Council consider Special Rate Variation options
Published on 25 January 2024
Council will consider the proposal to lodge a Special Rate Variation (SRV) application with IPART and its draft Resource Strategy 2022-2026 (which includes the Long Term Financial Plan 2024-34), at its meeting on Monday 29 January.
On 20 November, Council resolved to take the proposed options for a SRV to the community for feedback as well as to action 26 other recommendations including improving financial controls, sale of assets, efficiency and productivity measures, made in an independent financial sustainability review conducted last year.
The review of Council’s finances identified that the impacts of consecutive natural disasters and the COVID pandemic during the last five years has significantly depleted revenue and increased operational costs. During the same timeframe, substantial investment in new assets and the ongoing costs of maintenance and operating them have significantly impacted the current and future financial needs.
“Like many councils in NSW, we have experienced a growing gap between operating revenue and operating expenditure, restricting our ability to provide the services and works necessary to support our communities,” said Acting CEO, Jane Lewis.
“We are absolutely committed to doing what we can to improve our financial position, including tighter budget controls, instilling asset management systems and finding productivity improvements for the long term,” Ms Lewis said.
“It is important to understand that adjusting services and making organisational change isn’t enough to lift our investment in asset renewal without significantly increasing revenue through a rate variation,” she said.
The proposed SRV options would increase future investment in asset renewal to an amount closer to the Office of Local Government (OLG) benchmark of 100%. Currently, Council assets now hold 51.3% in category 1 and 2, with 48.7% of assets now reported in categories 3 (satisfactory) to 5 (very poor).

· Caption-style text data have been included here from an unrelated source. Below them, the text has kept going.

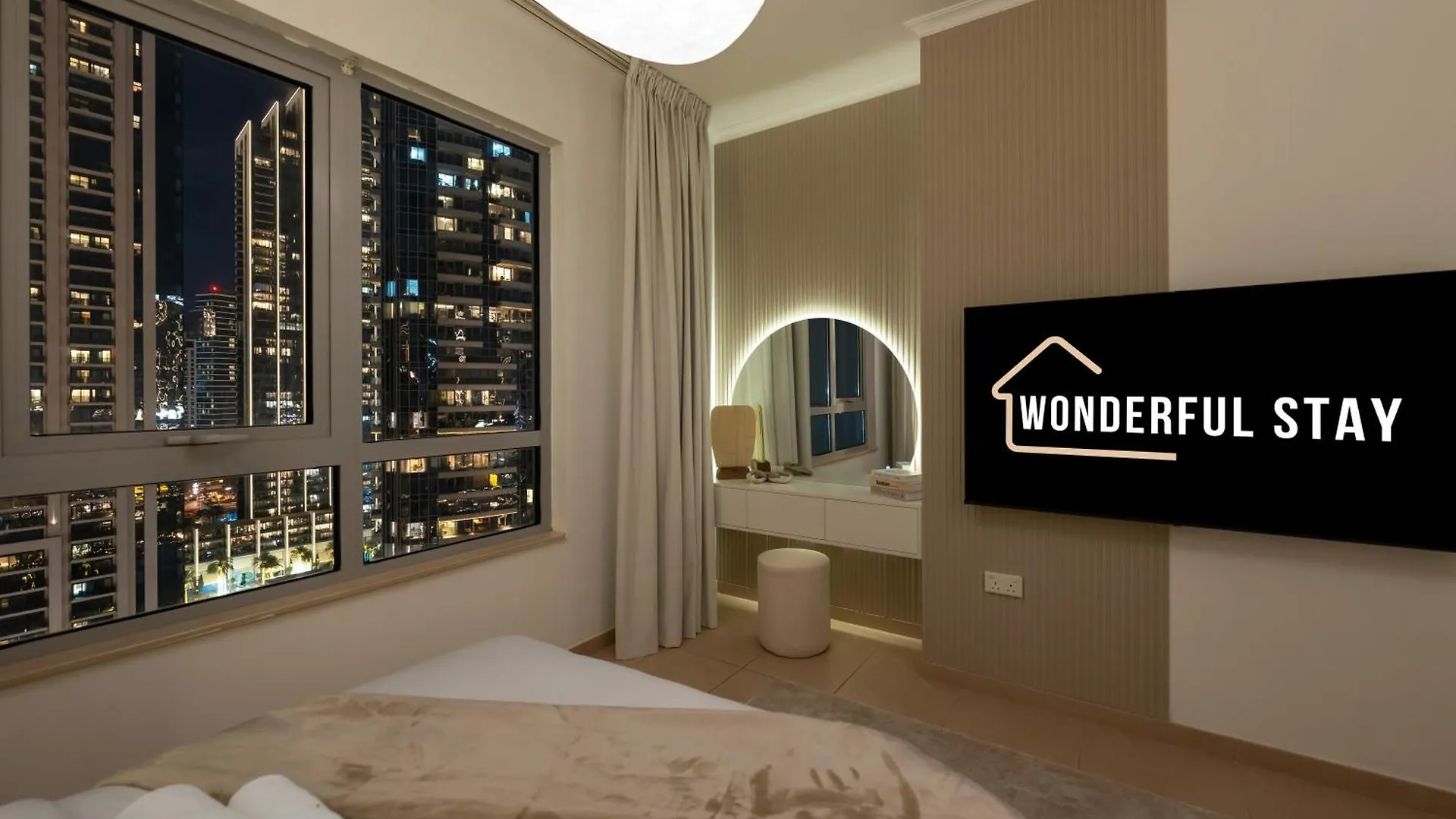 Wonderfulstay At The Residences - Best Burj Khalifa & Fountain View - Brand New Luxury Apartments Ντουμπάι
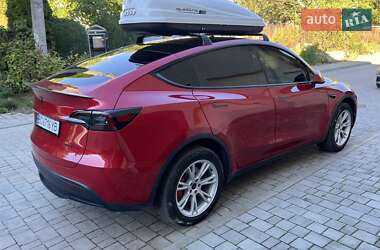 Внедорожник / Кроссовер Tesla Model Y 2023 в 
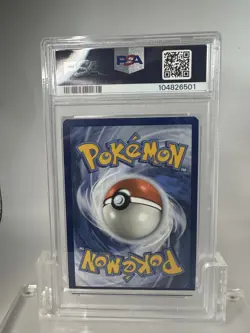 2024 POKEMON SVP EN-SV BLACK STAR PROMO PALDEA ADVENTURE CHEST PIKACHU PSA 9 - Image 2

The financial sustainability review outlines that Council’s finances are impacted by limited income through sustained, lower average property rates for residential and business categories compared to similar-scale and neighbouring council areas. According to information on the OLG website, during the last 20 years, Shoalhaven rates have been on average $200 to $300 less than its neighbouring councils and a minimum of $100 less than the Office of Local Government Group 5 average.
The unprecedented rises in inflation have further increased the gap in its revenue and expenditure, through additional costs of construction and operating costs.
During the 9-week community engagement period about the proposed options for SRV, 2,175 survey responses were received, with 55.5% selecting ‘prefer not to choose’, 33.1% selecting Option 2 (Staged Implementation of SRV over three years being a permanent 18% in 2024-25, 13% in 2025-26 and 8% in 2026-27 including rate peg) and 11.4% selecting Option 1 (one year SRV as a permanent 32% in 2024-25 including rate peg).
Council also received 468 submissions about the proposed SRV and the draft Resourcing Strategy that related to organisational management, asset management and the affordability of increased rates.
The Council meeting business paper for Monday 29 January can be seen on Council’s website.